I wondered if I could ask your advice. I am looking for a trainee gardener position but am finding it extremely difficult. Doing the distance learning is great for me but it does mean I have no one to network with. I have tried all the usual routes, scouring Gumtree daily and applying for everything, Horti job websites but many of the recruiters won’t consider me for gardening positions without professional experience which of course I cannot get if no one gives me a break! Its quite frustrating, its actually a very hard industry to get into without knowing anyone, much harder I find than office work. Do you have any contacts, or special websites or agencies that you know of that I can try? Or any different routes I can take? Anything would be gratefully received.
Thanks a lot…
I appreciate that it can be frustrating taking that first step into a new career area. This is particularly the case at the moment when the job market is so difficult.

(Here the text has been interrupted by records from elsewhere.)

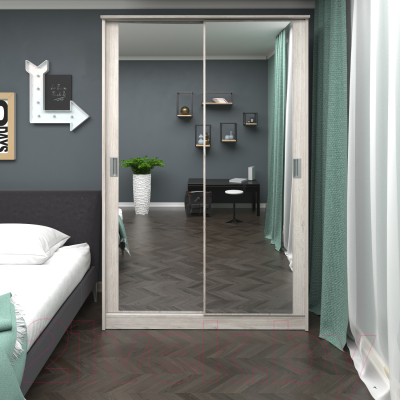 Шкаф-купе Кортекс-мебель Лагуна ШК02-02 (дуб монтерей)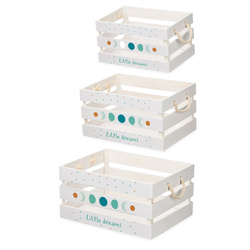 Lădițe albe din lemn cu mânere LOVE, 3 bucăți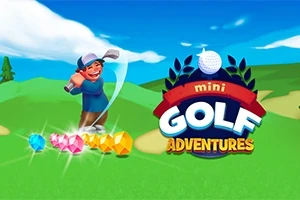 Postać uderzająca kijem do minigolfa na zielonym polu z kolorowymi klejnotami obok, obok logo z napisem „Mini Golf Adventures”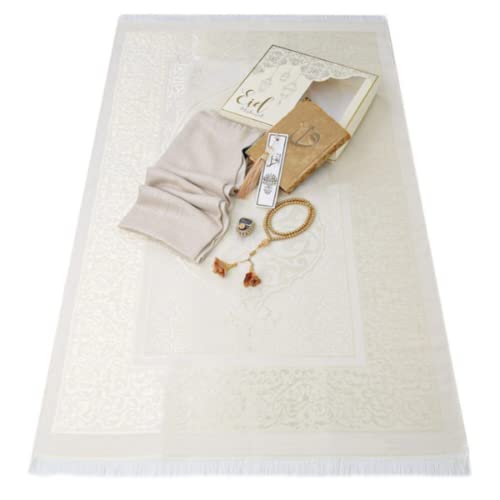 VOGUEHOMEDECOR Eid Mubarak Gift Box For Women, Eid Favor Set | Quran, Shawl, Prayer Rug, Misbaha, Bookmark Islamic Gift Set For Her | Muslim Eid Gift Set (White)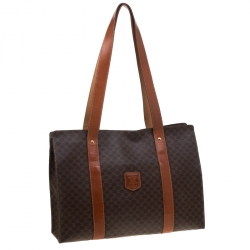 مملوكة مسبقًا Celine Brown Coated Canvas and Leather Macadam Shopper Tote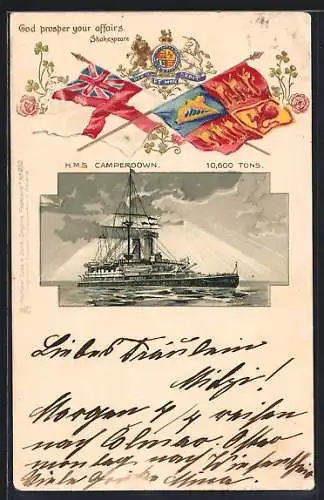 Lithographie Kriegsschiff HMS Camperdown im Sonnenschein, Zitat von Shakespeare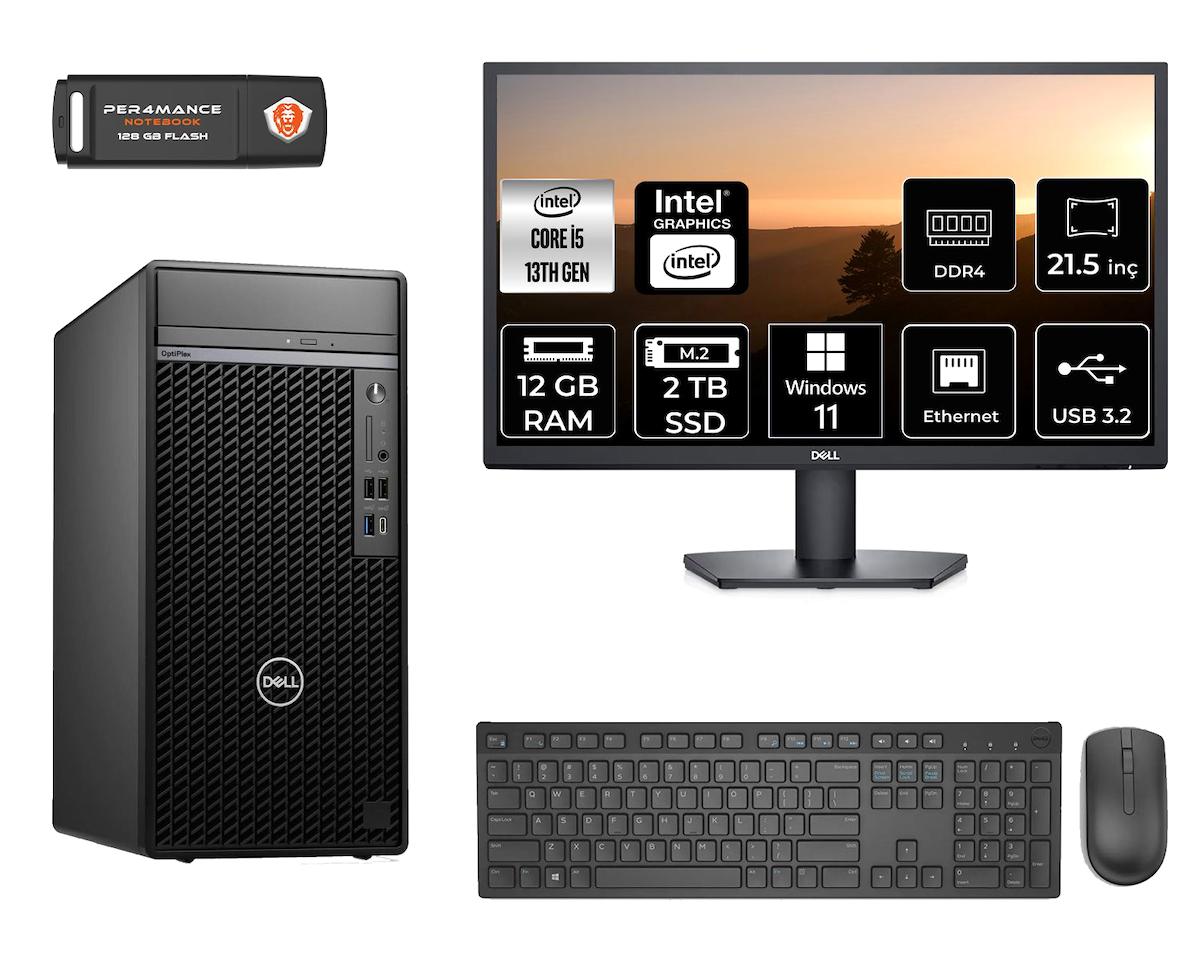 Dell Optiplex 7010 MNO7010D109 Dahili Intel UHD Graphics 770 Intel Core i5 13500 12 GB Ram 2 TB SSD Tower Windows 11 Pro 21.5 inç Monitörlü Masaüstü Bilgisayar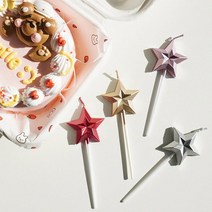 별 모양 케이크 초 생일 파티 감성 디자인 아이템 4컬러 [Star Candle for Birthday Cake Event 4 Colors], 인디핑크(Pink)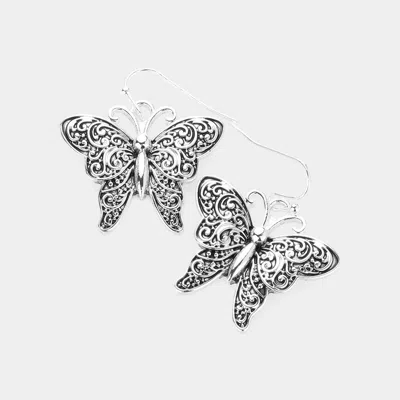 Fashnzfab Antique Metal Filigree Butterfly Dangle Earrings - Antique Silver In Multi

However, on the positive side I know personally of quite a number of students who have found jobs or launched their own businesses within the last year, even before they finished their courses. They didn’t all have work experience, either, so there is hope, even in the current climate!
In terms of the experience ‘hurdle’, there are a couple of approaches you could consider here:
- The first possibility is that you find some way of gaining the experience you feel is lacking – there are many big gardens, for example that offer volunteer programmes, e.g. Botanic Gardens, RHS or National Trust gardens, or stately homes. These are a good way to make connections and get to know people in your local gardening community, as well as being a useful source of experience.
A number of students have also written to local local companies/gardens as a way of finding work experience – so they might work unpaid for 4 – 6 weeks. Sometimes this then leads into a job – not always, and I wouldn’t want to overplay that possibility, but it can lead into a job, and worst case scenario, you have some work experience under your belt. at the same time you are getting to know more people in your local gardening community.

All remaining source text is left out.